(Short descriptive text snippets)
+ + + + + + +
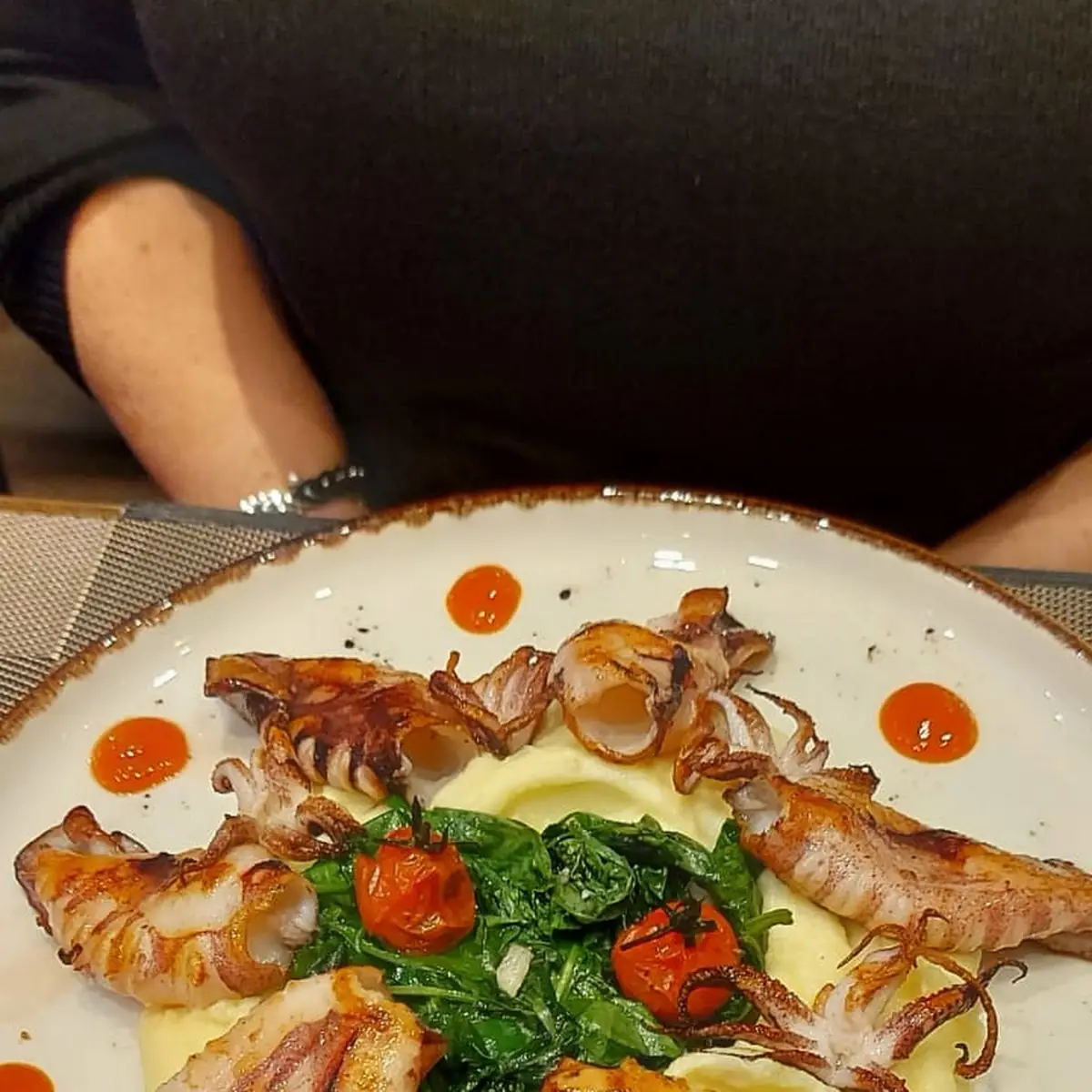 Calamari Gegrillt Mit Püree Und Babyspinat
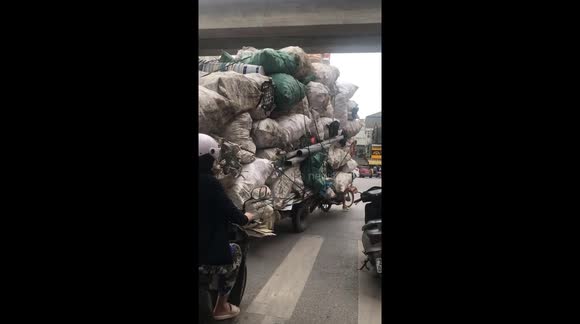 Forget Fast & Furious – Try Stacked & Seriously Risky! Overloaded 4-meter-high tricycle weaves through narrow and crowded streets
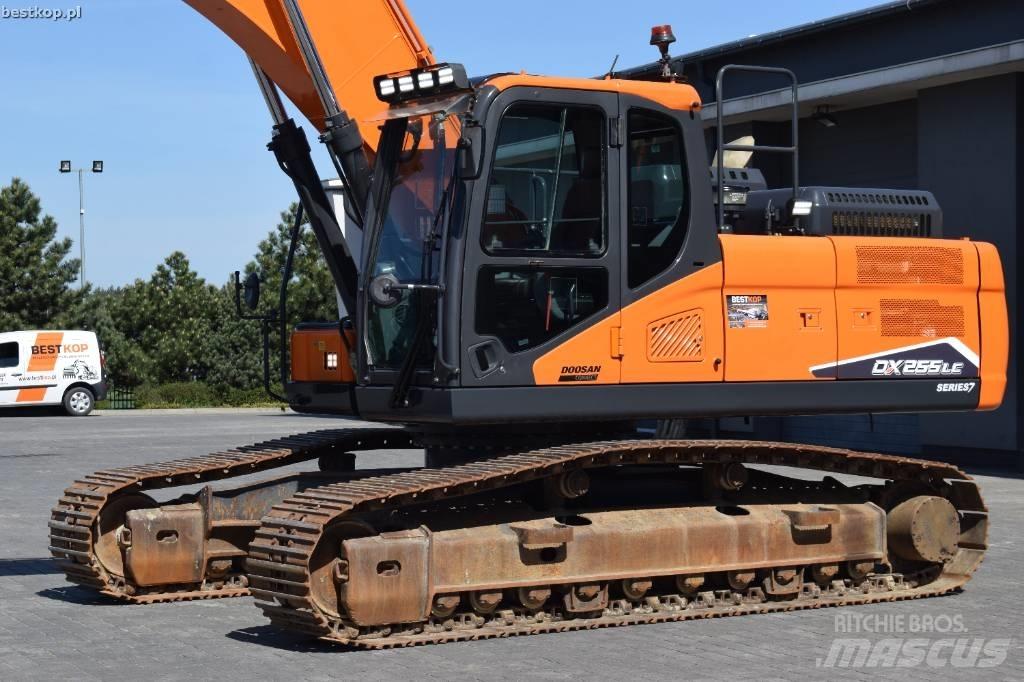 Doosan DX 255 LC-7 Escavadoras de rastos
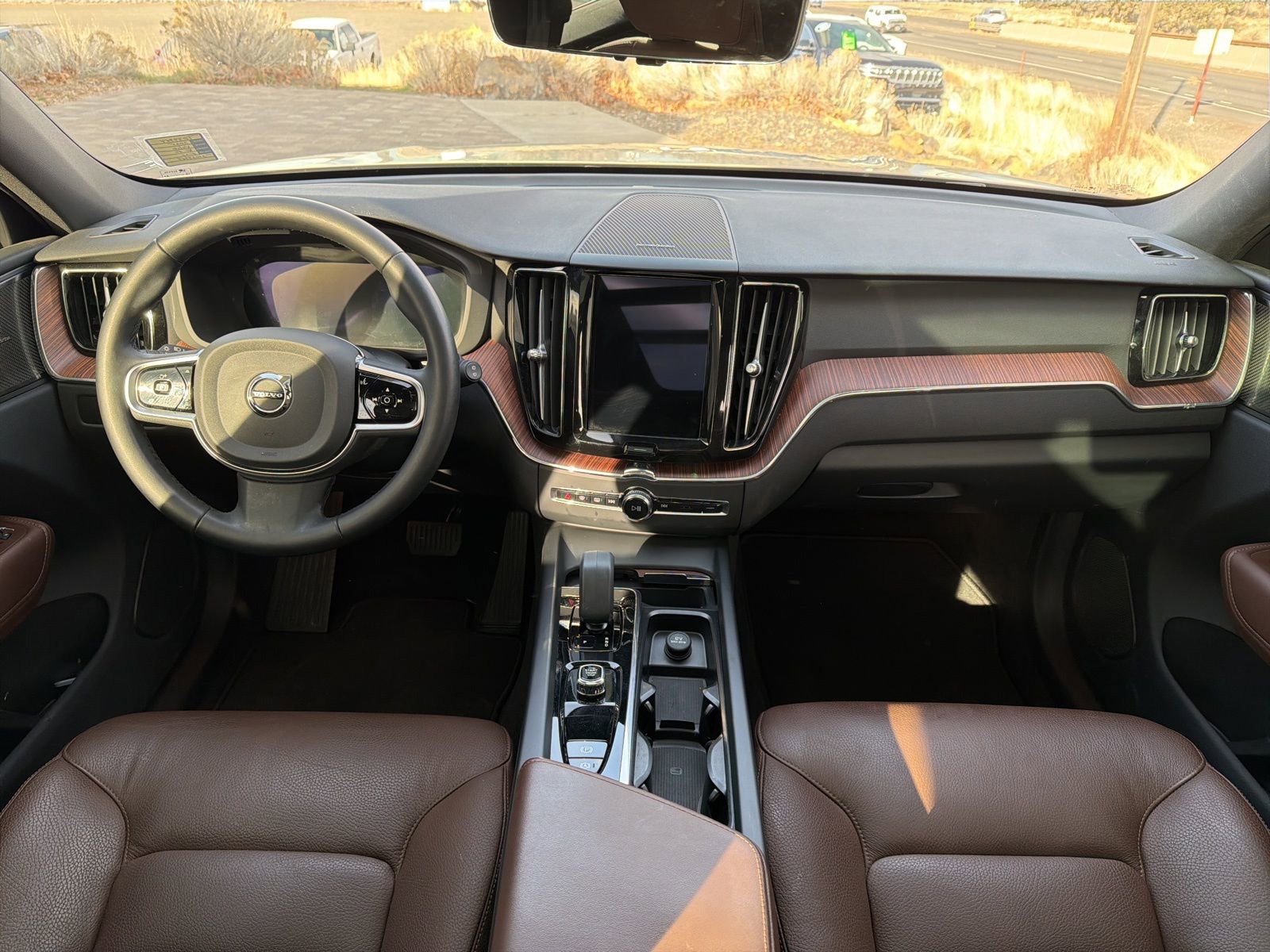 Certified 2025 Volvo XC60 T8 Plus w/ Protection Package Premier image 16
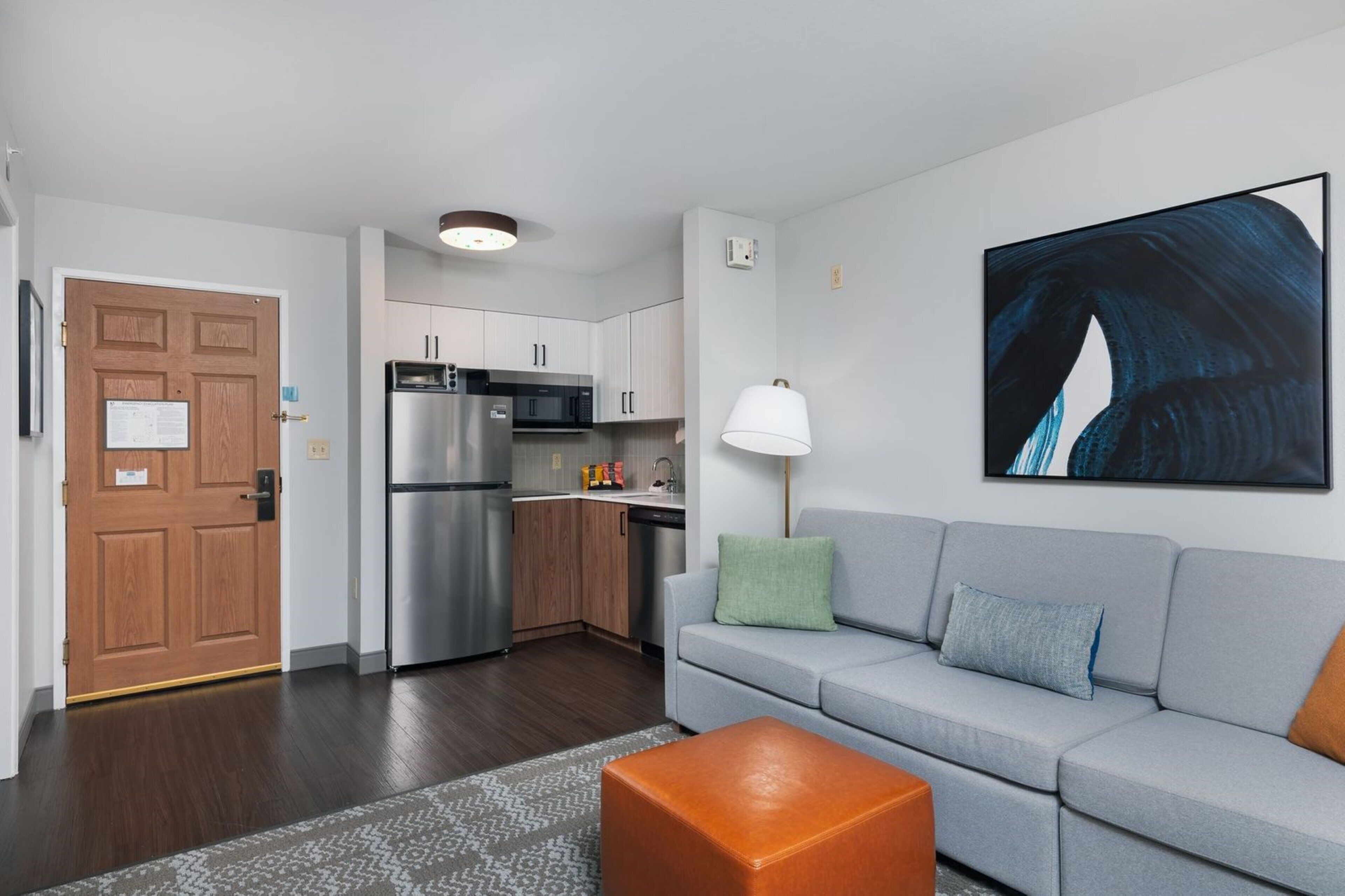 1 bedroom, premium bedding, in-room safe, desk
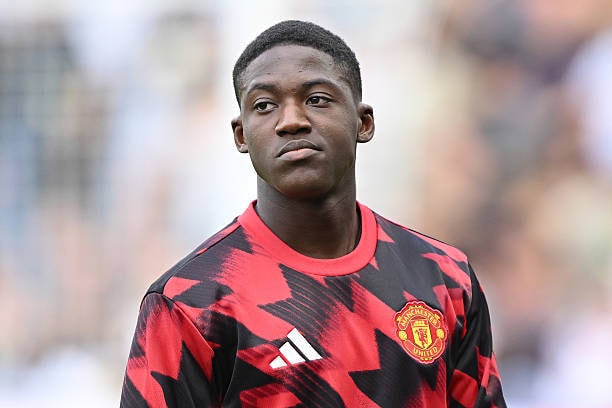 Tiền vệ trẻ Kobbie Mainoo từng có ý định rời Manchester United để tìm kiếm cơ hội thi đấu.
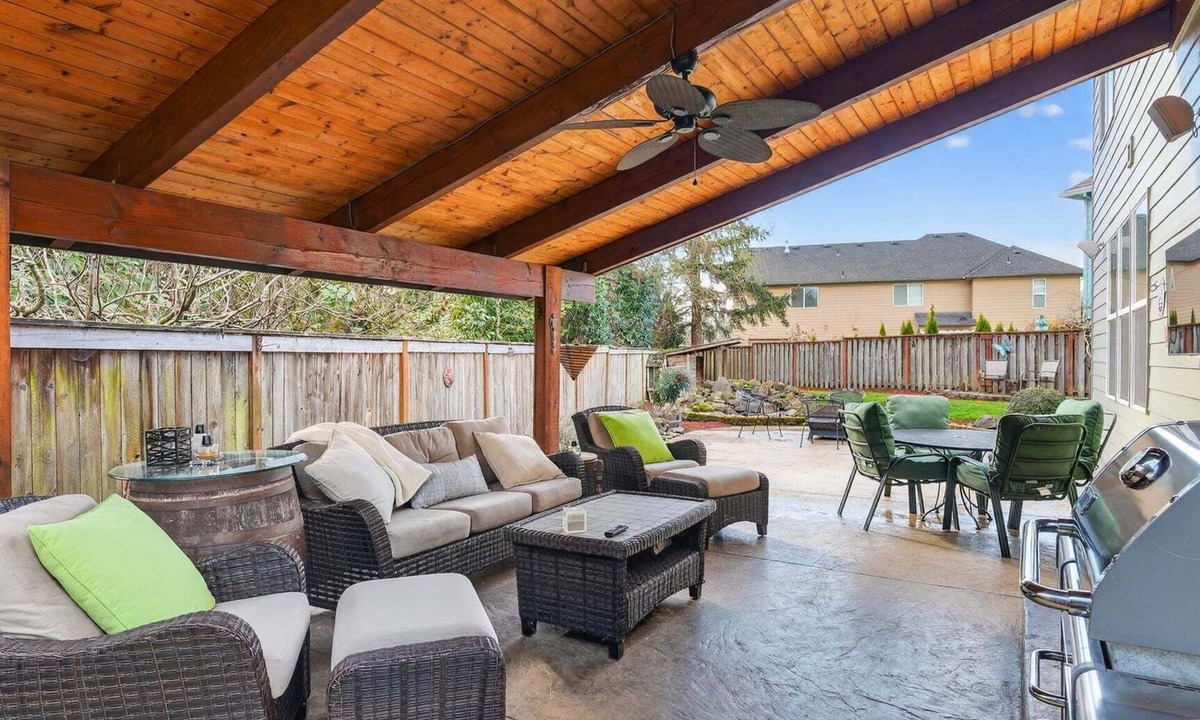 Keizer House | Keizer Retreat | Firepit + Near Salem & Wineries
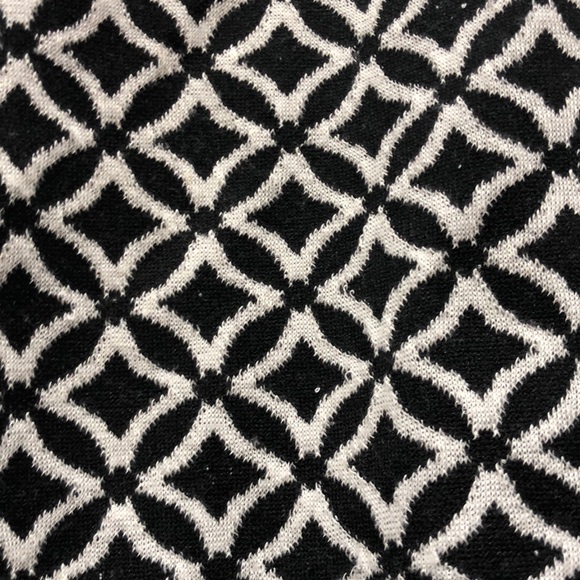 A line short patterned skirt - Picture 2 of 2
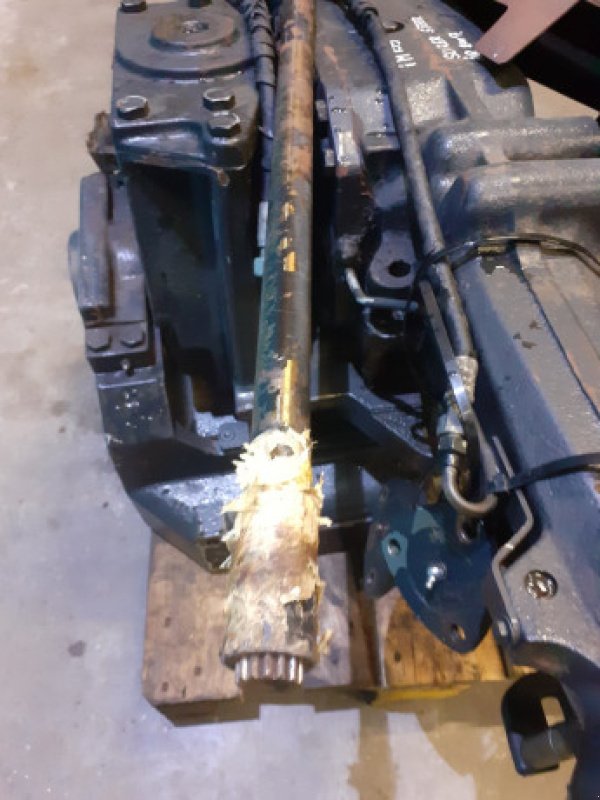 Achsen & Lenkung des Typs New Holland TM 155, Gebrauchtmaschine in Hemmet (Bild 17)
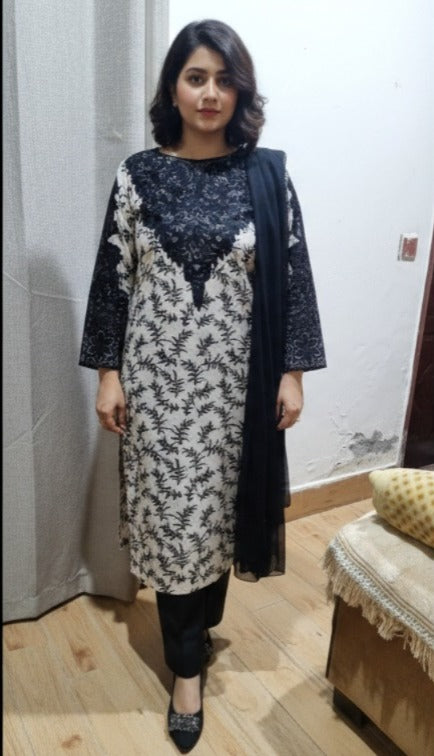 EMBROIDRED SILVER GREY SHIRT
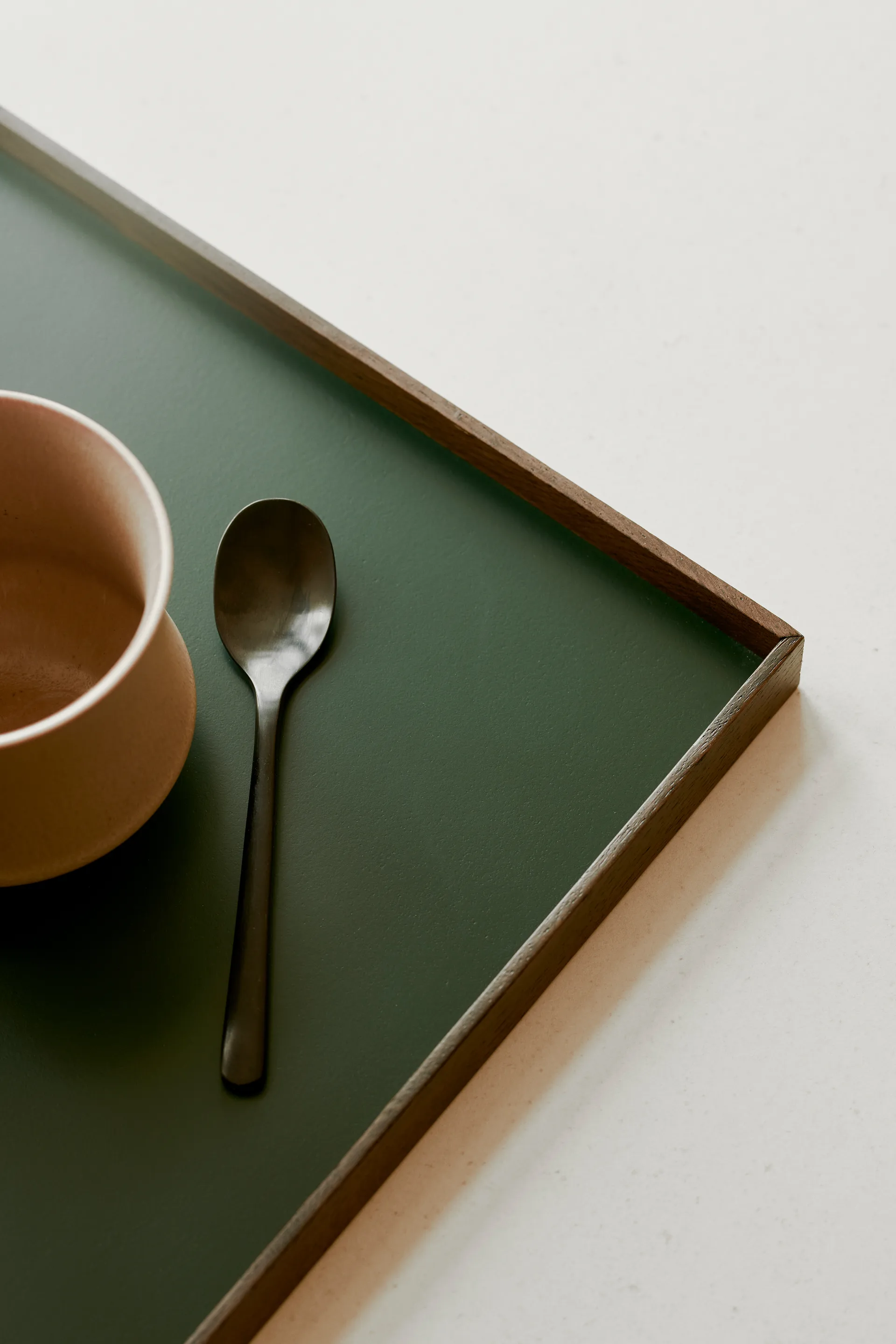 Bandeja Frame large 35,5x50,6 cm, Roble ahumado-verde Gejst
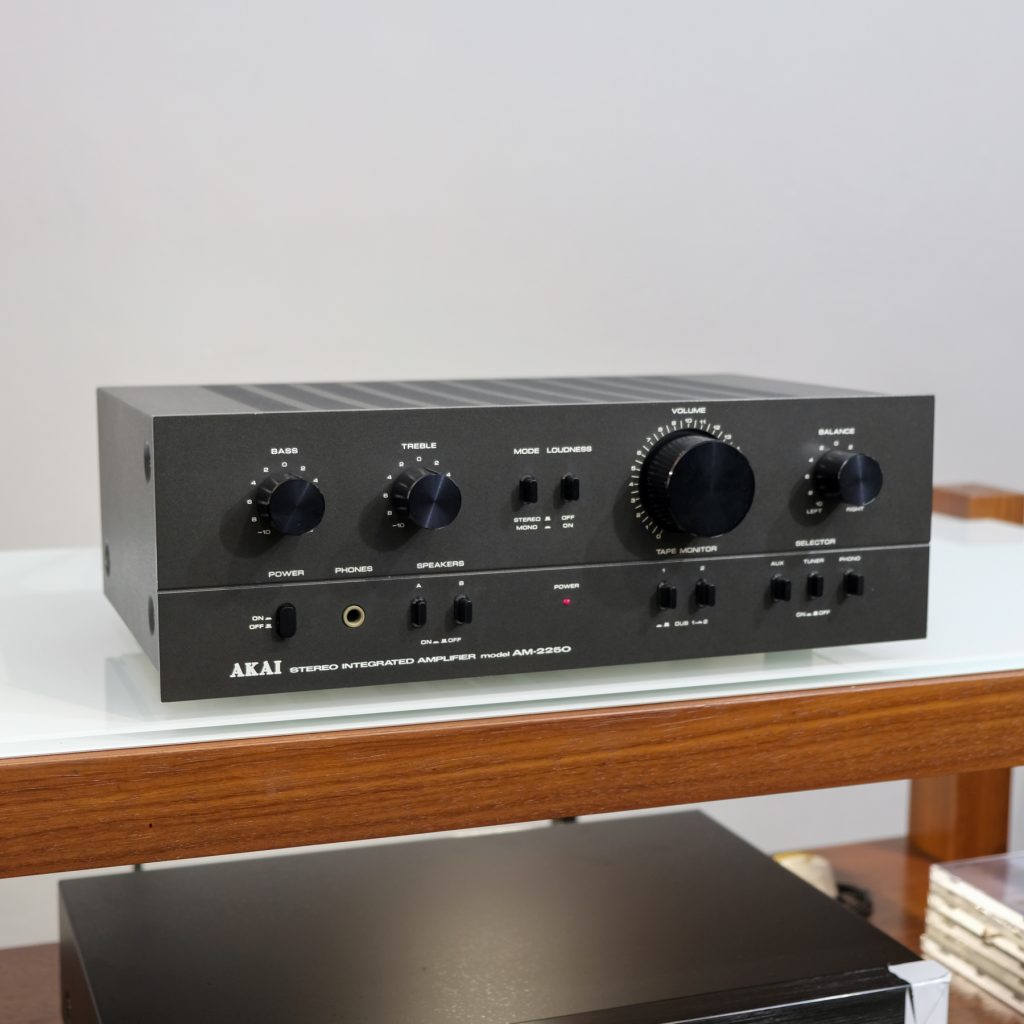 Akai AM-2250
+ + + + + + +
Exercise details → Set down the records above word for word, from the first line through the line containing "Certified 2025 Volvo", both included; leave out the pictures.

Answer section →
 Calamari Gegrillt Mit Püree Und Babyspinat
 Forget Fast & Furious – Try Stacked & Seriously Risky! Overloaded 4-meter-high tricycle weaves through narrow and crowded streets
 Doosan DX 255 LC-7 Escavadoras de rastos
 Certified 2025 Volvo XC60 T8 Plus w/ Protection Package Premier image 16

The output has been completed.